3.2 Subject to clause 3.4, all Customer Data is and shall remain the property of Customer. You hereby grant to Provider a non-exclusive and non-transferable right and licence during the term of the Agreement to store, access, retrieve and process Customer Data as necessary to provide the Service, monitoring the use of the Service, improving or enhancing the Service and other services offered by Provider or its Affiliated Entities.
3.3 To the extent that you use any Linked Product in conjunction with the Services, you represent and warrant that your use of the Linked Product is in compliance with any terms associated therewith between Customer and the relevant third parties and that you shall only use a Linked Account that is yours. Provider has no responsibility or liability with respect to any Linked Account.
3.4 You acknowledge and agree that any Feedback will be the sole and exclusive property of the Company and you hereby irrevocably assign to us any right, title and interest in and to all Feedback.
- Fees and Payments
4.1 Provider may charge a fee for certain aspects and / or features of the Services, subject to an Order Form or statement of work, where applicable. Customer shall pay all fees as they are stated in the applicable Order Form or statement of work, in addition to all applicable tax.
4.2 Metrics is a free service and Provider shall not charge any fee for Metrics or the Content. In the event that there is a tax burden as a result of Customers use of Metrics (“Tax Liability”), Customer shall bear the Tax Liability in full and make Provider whole to the extent of the Tax Liability. Failure to remit any applicable Tax Liability to the Provider within a reasonable period may result in access to Metrics being temporarily suspended until the liability is paid in full.

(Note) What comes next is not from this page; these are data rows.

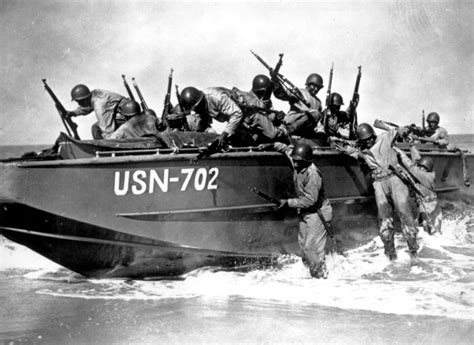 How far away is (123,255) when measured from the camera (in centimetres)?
690

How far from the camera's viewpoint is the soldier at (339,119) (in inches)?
388

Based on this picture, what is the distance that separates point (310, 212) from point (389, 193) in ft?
5.50

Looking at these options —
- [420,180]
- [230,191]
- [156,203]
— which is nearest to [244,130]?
[230,191]

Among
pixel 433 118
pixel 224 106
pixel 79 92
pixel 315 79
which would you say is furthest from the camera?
pixel 433 118

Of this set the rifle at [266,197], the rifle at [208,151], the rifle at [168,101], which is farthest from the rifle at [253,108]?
the rifle at [168,101]

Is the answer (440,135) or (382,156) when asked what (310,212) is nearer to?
(382,156)

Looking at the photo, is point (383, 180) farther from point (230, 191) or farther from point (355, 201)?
point (230, 191)

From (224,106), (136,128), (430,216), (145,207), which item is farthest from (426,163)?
(145,207)

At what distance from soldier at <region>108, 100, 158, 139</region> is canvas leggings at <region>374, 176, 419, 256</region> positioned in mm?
3532

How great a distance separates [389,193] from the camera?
8.07 m

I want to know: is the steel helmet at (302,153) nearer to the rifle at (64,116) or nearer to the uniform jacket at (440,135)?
the rifle at (64,116)

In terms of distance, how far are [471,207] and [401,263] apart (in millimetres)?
5051

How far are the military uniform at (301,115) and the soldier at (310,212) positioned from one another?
59.2 inches

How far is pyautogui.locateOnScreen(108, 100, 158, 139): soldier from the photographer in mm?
7492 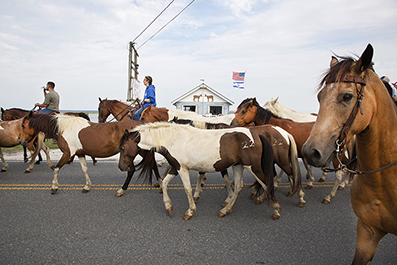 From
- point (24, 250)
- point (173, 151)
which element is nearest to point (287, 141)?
point (173, 151)

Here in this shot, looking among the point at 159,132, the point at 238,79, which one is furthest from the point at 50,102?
the point at 238,79

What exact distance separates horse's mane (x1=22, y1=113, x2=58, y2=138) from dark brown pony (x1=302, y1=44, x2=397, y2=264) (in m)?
5.97

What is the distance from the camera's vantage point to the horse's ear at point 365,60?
1534mm

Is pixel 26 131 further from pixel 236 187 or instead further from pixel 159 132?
pixel 236 187

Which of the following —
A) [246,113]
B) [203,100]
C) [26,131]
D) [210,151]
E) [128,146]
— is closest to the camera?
[210,151]

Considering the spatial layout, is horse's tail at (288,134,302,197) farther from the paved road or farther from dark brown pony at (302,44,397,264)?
dark brown pony at (302,44,397,264)

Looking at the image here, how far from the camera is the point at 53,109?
369 inches

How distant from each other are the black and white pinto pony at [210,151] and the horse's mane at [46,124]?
272 centimetres

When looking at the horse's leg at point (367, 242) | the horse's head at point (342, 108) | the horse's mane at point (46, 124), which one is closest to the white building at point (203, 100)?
the horse's mane at point (46, 124)

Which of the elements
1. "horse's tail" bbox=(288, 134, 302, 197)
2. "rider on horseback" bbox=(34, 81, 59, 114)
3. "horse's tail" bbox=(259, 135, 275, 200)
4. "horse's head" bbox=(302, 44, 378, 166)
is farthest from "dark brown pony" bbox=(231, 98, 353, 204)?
"rider on horseback" bbox=(34, 81, 59, 114)

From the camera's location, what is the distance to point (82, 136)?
5652 millimetres

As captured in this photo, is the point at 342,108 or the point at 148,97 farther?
the point at 148,97

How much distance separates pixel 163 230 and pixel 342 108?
3091 mm

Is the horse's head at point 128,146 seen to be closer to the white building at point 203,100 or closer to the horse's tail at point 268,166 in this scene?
the horse's tail at point 268,166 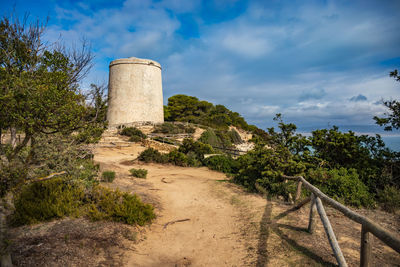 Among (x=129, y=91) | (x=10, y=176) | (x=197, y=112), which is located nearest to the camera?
(x=10, y=176)

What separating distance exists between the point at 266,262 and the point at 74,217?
410 centimetres

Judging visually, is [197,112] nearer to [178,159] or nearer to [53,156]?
[178,159]

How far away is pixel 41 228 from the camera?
14.0 feet

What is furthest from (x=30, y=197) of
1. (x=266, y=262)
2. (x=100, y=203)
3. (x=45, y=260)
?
(x=266, y=262)

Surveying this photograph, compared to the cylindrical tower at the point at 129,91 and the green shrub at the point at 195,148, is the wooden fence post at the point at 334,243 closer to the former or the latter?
the green shrub at the point at 195,148

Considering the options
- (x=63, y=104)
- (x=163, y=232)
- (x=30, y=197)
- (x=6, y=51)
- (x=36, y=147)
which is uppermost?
(x=6, y=51)

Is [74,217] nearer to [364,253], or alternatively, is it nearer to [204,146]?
[364,253]

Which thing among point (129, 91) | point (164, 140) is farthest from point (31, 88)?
point (129, 91)

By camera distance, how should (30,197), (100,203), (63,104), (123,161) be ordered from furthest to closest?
1. (123,161)
2. (100,203)
3. (30,197)
4. (63,104)

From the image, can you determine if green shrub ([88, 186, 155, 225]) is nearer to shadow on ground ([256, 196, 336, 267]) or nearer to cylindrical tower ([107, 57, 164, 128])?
shadow on ground ([256, 196, 336, 267])

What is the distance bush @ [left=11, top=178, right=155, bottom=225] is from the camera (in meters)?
4.59

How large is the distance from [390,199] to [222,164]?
765 cm

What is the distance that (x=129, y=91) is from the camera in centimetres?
2842

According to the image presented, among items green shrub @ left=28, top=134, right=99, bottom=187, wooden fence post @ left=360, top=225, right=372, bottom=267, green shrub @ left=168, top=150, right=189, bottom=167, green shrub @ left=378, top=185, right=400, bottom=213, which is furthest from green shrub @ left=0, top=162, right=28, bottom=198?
green shrub @ left=168, top=150, right=189, bottom=167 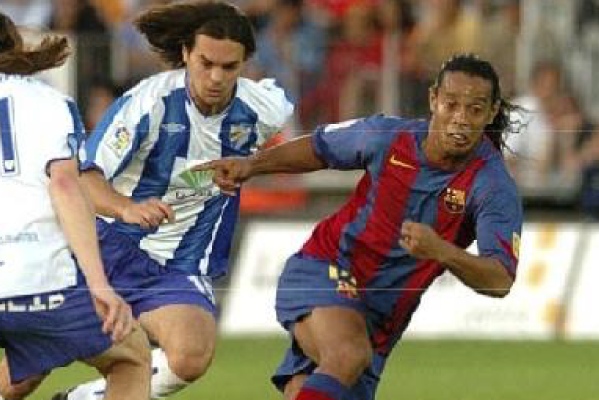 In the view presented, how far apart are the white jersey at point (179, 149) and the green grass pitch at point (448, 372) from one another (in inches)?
108

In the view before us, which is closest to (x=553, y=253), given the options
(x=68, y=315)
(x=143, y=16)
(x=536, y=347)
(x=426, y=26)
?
(x=536, y=347)

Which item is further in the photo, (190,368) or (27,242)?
(190,368)

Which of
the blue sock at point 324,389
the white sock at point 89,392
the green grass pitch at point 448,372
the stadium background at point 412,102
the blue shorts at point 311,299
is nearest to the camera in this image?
the blue sock at point 324,389

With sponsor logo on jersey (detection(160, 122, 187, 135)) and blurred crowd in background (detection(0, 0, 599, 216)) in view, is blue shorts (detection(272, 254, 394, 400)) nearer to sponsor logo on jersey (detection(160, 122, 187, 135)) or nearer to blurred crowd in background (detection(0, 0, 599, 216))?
sponsor logo on jersey (detection(160, 122, 187, 135))

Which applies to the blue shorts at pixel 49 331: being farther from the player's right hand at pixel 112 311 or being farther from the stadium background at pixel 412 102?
the stadium background at pixel 412 102

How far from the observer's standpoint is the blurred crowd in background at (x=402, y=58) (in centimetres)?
1719

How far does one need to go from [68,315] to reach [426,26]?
35.0 ft

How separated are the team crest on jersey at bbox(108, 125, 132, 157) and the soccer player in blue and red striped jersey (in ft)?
1.26

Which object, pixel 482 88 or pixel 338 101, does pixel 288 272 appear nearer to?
pixel 482 88

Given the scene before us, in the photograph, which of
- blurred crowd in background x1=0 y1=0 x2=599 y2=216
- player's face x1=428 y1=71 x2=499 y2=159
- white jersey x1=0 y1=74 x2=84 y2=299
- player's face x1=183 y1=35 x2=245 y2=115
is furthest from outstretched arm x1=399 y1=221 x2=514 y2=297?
blurred crowd in background x1=0 y1=0 x2=599 y2=216

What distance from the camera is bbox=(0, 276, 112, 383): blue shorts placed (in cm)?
743

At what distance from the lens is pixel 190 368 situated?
9.61 meters

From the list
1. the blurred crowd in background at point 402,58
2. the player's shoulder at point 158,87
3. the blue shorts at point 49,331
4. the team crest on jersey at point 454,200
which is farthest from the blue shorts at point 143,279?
the blurred crowd in background at point 402,58

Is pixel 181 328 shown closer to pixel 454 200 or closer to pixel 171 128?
pixel 171 128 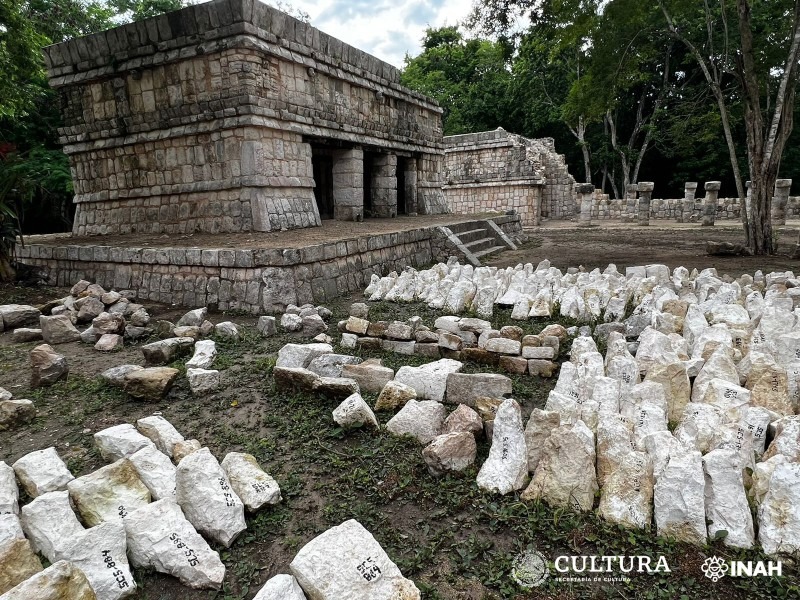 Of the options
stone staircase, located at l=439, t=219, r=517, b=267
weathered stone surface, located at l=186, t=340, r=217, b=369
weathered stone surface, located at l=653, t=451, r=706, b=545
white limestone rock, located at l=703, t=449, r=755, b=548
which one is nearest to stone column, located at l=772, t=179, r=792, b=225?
stone staircase, located at l=439, t=219, r=517, b=267

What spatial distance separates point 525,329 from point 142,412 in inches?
134

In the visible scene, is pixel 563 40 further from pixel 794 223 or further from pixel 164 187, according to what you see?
pixel 794 223

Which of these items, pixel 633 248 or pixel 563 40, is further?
pixel 633 248

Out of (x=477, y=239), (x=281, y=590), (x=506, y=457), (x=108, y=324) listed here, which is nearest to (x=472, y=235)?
(x=477, y=239)

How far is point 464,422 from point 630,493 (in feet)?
2.76

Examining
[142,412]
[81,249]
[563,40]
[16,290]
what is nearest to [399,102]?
[563,40]

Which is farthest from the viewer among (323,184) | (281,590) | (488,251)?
(323,184)

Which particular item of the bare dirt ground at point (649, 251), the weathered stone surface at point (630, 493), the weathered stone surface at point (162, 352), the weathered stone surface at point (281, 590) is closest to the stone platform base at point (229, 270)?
the weathered stone surface at point (162, 352)

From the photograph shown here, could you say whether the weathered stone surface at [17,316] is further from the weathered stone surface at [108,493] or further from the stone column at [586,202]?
the stone column at [586,202]

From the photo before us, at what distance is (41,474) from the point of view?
229 cm

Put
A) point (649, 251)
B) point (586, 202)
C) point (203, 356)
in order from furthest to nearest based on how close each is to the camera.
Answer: point (586, 202), point (649, 251), point (203, 356)

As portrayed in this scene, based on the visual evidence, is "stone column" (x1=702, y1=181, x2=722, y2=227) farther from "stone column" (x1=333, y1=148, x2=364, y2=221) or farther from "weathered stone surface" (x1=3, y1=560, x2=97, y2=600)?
"weathered stone surface" (x1=3, y1=560, x2=97, y2=600)

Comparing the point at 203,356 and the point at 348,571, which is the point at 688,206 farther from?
the point at 348,571

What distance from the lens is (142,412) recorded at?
323cm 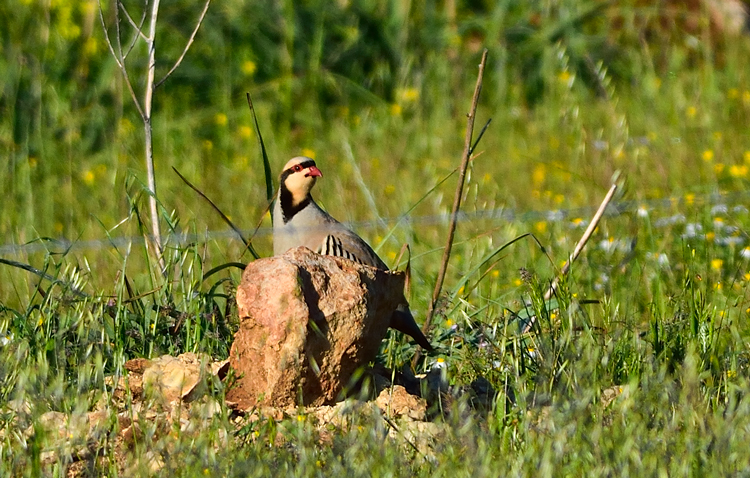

4.3 Any Fee charged by Provider may be grossed up by any corporate withholding taxes that are applicable in the country of payment of Customer, such that Provider receives the full amount due after the deduction of withholding tax. To the extent it is available, Provider will supply a tax residence certificate in order for Customer to either reduce or mitigate the withholding tax under an applicable tax treaty between Provider and Customer's countries of tax residence.
4.4 If the Customer fails to make a payment due to Provider under this Agreement by the due date then, without limiting Provider's remedies under this Agreement, Customer shall pay interest on the overdue sum from the due date until payment of the overdue sum, whether before or after judgement. Interest under this clause will accrue each day at 4% a year above the Bank of England's base rate from time to time, but at 4% a year for any period when that base rate is below 0%.
- Termination
5.1 Unless otherwise stated in an Order Form or statement of work, either party may terminate this Agreement at any time by giving the other party at least 30 days’ prior notice in writing.
5.2 Either party may terminate this Agreement by immediate notice in writing to the other if:
(i) the other party commits a material breach of any term of this agreement and fails to remedy that breach within a period of 14 days after being notified to do so;
(ii) the other party repeatedly breaches any of the terms of this agreement in such a manner as to reasonably justify the opinion that its conduct is inconsistent with it having the intention or ability to give effect to the terms of this agreement;
(iii) any consent, licence or authorisation held by the other is revoked or modified such that the other is no longer able to comply with its obligations under the Agreement or receive any benefit to which it is entitled;
(iv) There is suspected fraudulent / criminal activity or non-compliance with the AUP by the Customer.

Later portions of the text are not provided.